[Exercise prompt]
Return exactly the lines from the "Click on that" line through the last line of the entries below. Include no pictures.

[Stored dataset items]
Start of Block

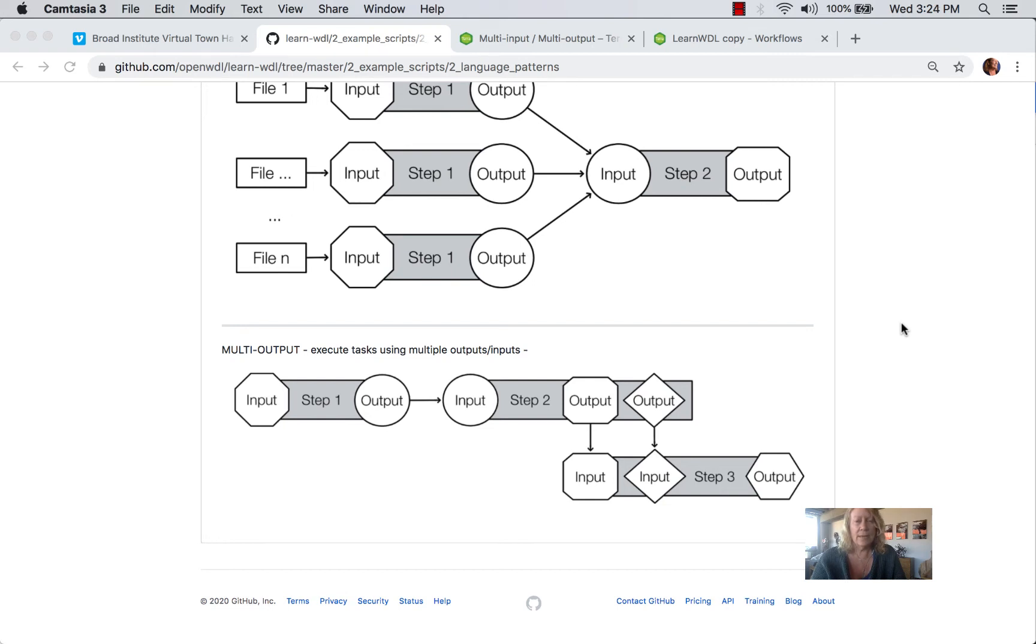Hello. In this video, we're going to take a look at a WDL script that demonstrates the multi-output pattern for pipelining. And you can see the diagram reflects the script that we're going to work with on the bottom of this page.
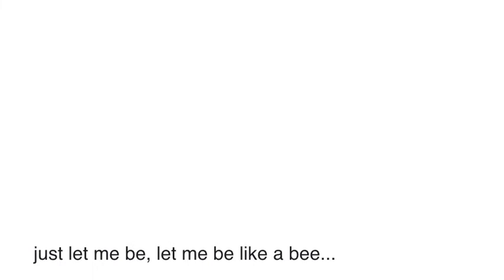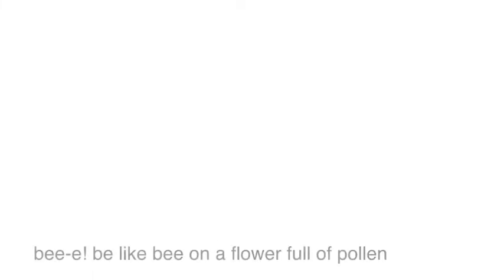Come on, what's wrong? Just let me be, let me be like a bee, be like a bee, you are full of pollen not like your cauliflower brain.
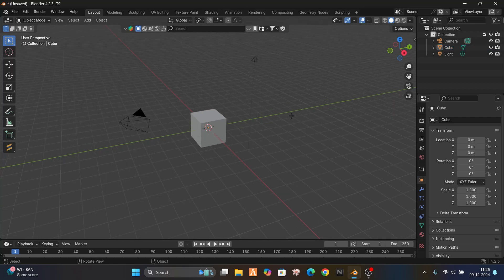Hello, today in this video we're gonna learn about how to convert Sketchfab models to FiveM. We're gonna cover how to get the model, which one is the right model to import, how to give them shaders — shaders means the colors you give — and all these things. And I will tell you about how we can get the detailed textures.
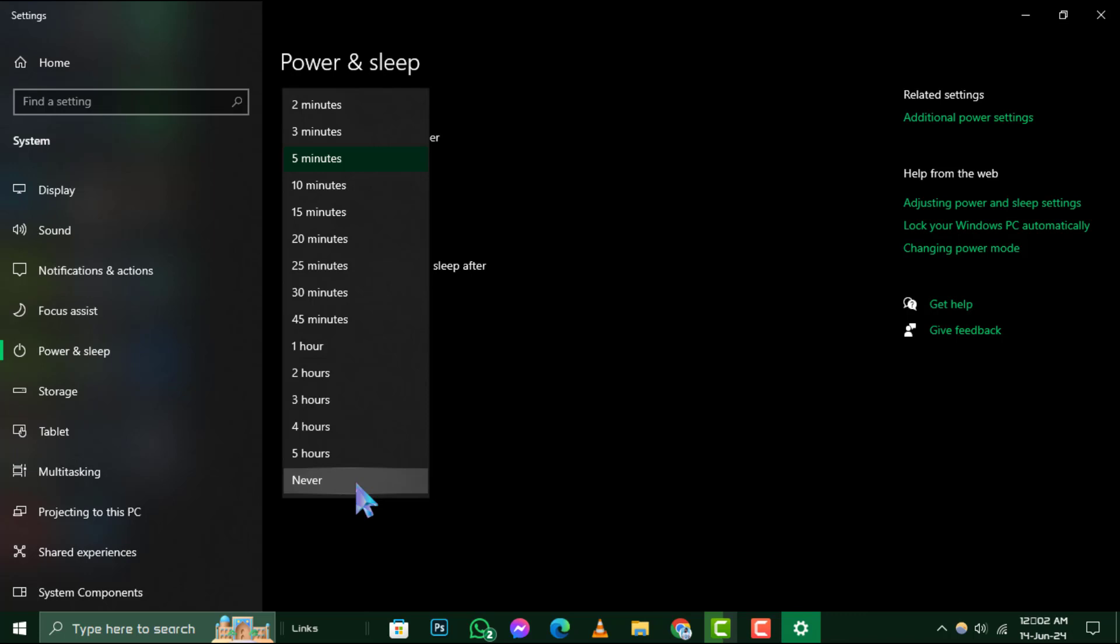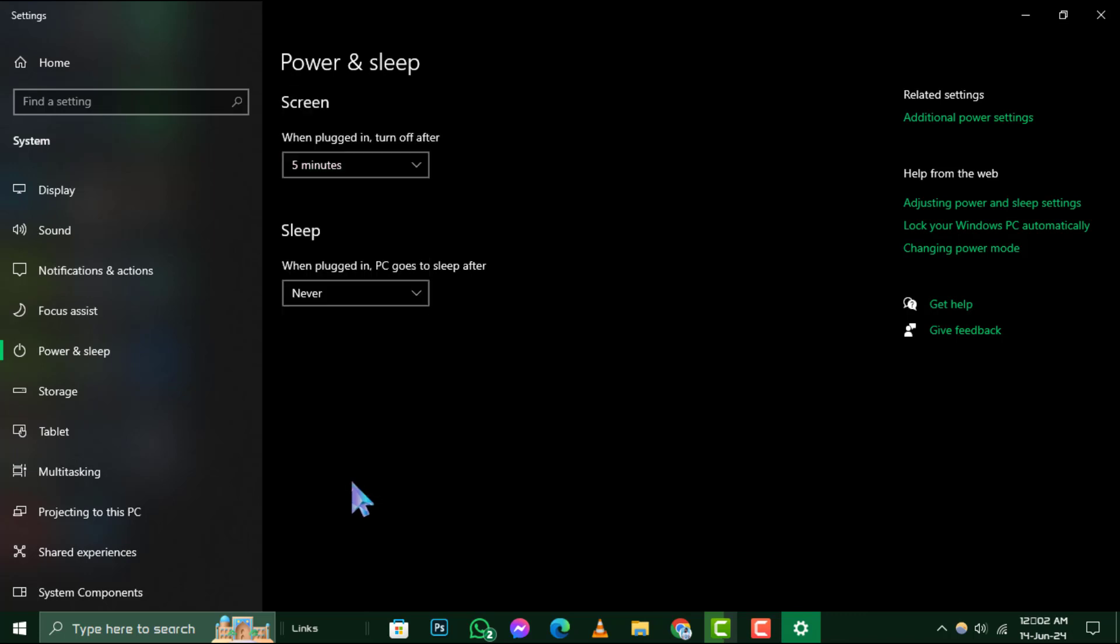Click on that menu and select Never. This action will disable sleep mode, ensuring that your computer stays awake indefinitely. The change is immediate, so there's no need to save or restart.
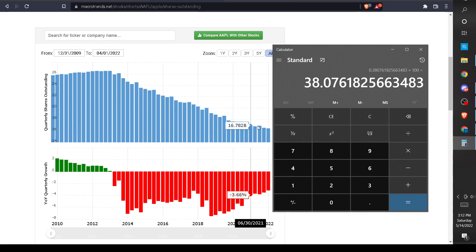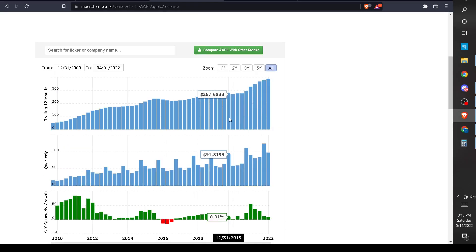Now we can look at revenue to understand why Apple started trading at these higher PE ratios above what it used to. It used to trade around 10 to 20 PE, now it's over 20. Looking at what happened: around 2020 revenue was flat, then all of a sudden a huge boom - going from around $274 billion up to $386 billion.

End of Block

[Finished task]
Click on that menu and select Never. This action will disable sleep mode, ensuring that your computer stays awake indefinitely. The change is immediate, so there's no need to save or restart.
Now we can look at revenue to understand why Apple started trading at these higher PE ratios above what it used to. It used to trade around 10 to 20 PE, now it's over 20. Looking at what happened: around 2020 revenue was flat, then all of a sudden a huge boom - going from around $274 billion up to $386 billion.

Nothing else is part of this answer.